And then there are acts of love that people randomly do that are often so selfless as to take your breath away.
Upon reading the healing and tender story from Associated Press I am sharing below, I think it definitely fits into the category of giving when it hurts.
The giving part of the story involves wedding rings. I say to you, Lovely Boston Widow, I can’t imagine giving away my wedding rings in that manner, but at the same time, I say more power and blessings to you Lovely Boston Widow for doing it.
Nothing so publicly represents your marriage to another person as wearing a wedding ring. Whether it’s a diamond or a simple gold band, a ring on your left hand symbolizes an emotional commitment you made to another person. You are telling everyone that your heart, soul and very being belong to someone else.
So what happens to your wedding rings when your spouse/partner dies? Should you continue to wear your wedding rings? Or do you take them off?
This is a HUGE issue for widows and widowers. Technically, you aren’t married anymore when your spouse dies but of course you still feel married. I know lots of widows who continue to wear their wedding rings and would never think of taking them off. And that’s okay. It’s a personal decision and you have to listen to your heart and do what you think is best for you.

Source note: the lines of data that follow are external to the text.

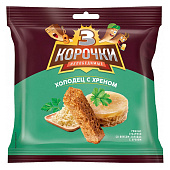 Сухарики 3 Корочки, со вкусом холодца с хреном, 40 г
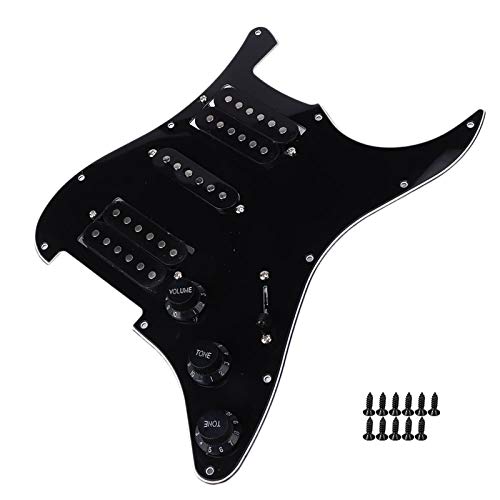 Alomejor HSH -Pickup Geladener Erworbener Pickguard für E -Gitarre US Standard Metal+PVC White (BLACK) von Alomejor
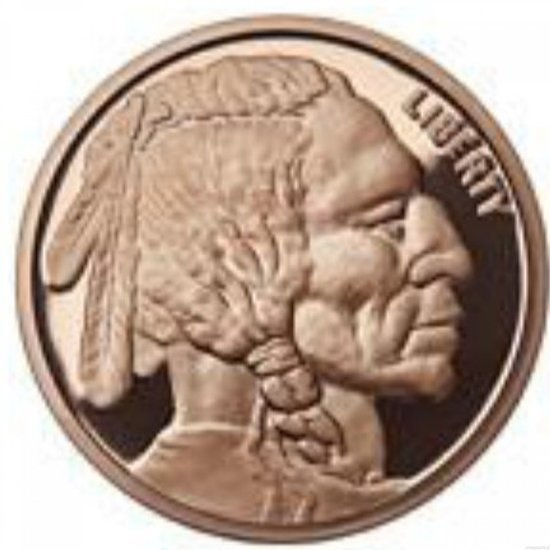 Indian Head Buffalo 1 oncia di rame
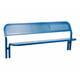 Sitzbank mit Rückenlehne, Flächen aus gelochtem Stahlblech, Farbe Enzianblau (RAL 5010)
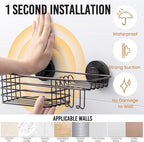 LEVERLOC Shower Caddy Suction Cup, Heavy Duty Bathroom Organizer for Inside Shower with Hooks & Soap holder， NO-Drilling Bathroom Holder-Brown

And that’s exactly what Lovely Boston Widow did. She listened to her heart and what a special gift she selflessly gave to help make someone else’s Christmas a little bit brighter.
Here is the story:
Widow places diamond ring in Salvation Army kettle
Tuesday – 12/9/2014, 3:54pm ET
BOSTON (AP) — The Salvation Army found an unusual surprise inside one of its red donation kettles: a diamond engagement ring given by a widow in honor of her late husband.
The charity said Monday the anonymous benefactor placed the diamond ring — valued at $1,850 — and her wedding band in one of the kettles placed outside Boston’s North Station last week.
It says the rings were accompanied by a note in which the woman said she hoped they would be sold and the money used to buy toys for needy children. She said her husband always had a giving spirit — especially at Christmastime.
“To honor his memory, I donate this ring. I’m hoping there’s someone out there who made lots of money this year and will buy the ring for 10 times its worth. After all, there’s no price on love or the sentimental value of this ring. But money will help the kids. May everyone have a Merry Christmas, Happy Holidays and Happy New Year!” her note read.
Salvation Army Major David Davis said Monday the “incredible” donation warmed the hearts of bell-ringers and other volunteers.
“We’re so moved and incredibly grateful to the generous individual who made such a loving and kind donation,” Davis said. “This heartwarming gift boosts all of our staff, bell-ringers and volunteers.”
The Salvation Army says the red kettles date to 1891, when Salvation Army Capt. Joseph McFee wanted to help feed the needy in San Francisco. The containers were modeled after those McFee saw at ferry landings in Liverpool England, where people would sit with small kettles and collect spare change from travelers.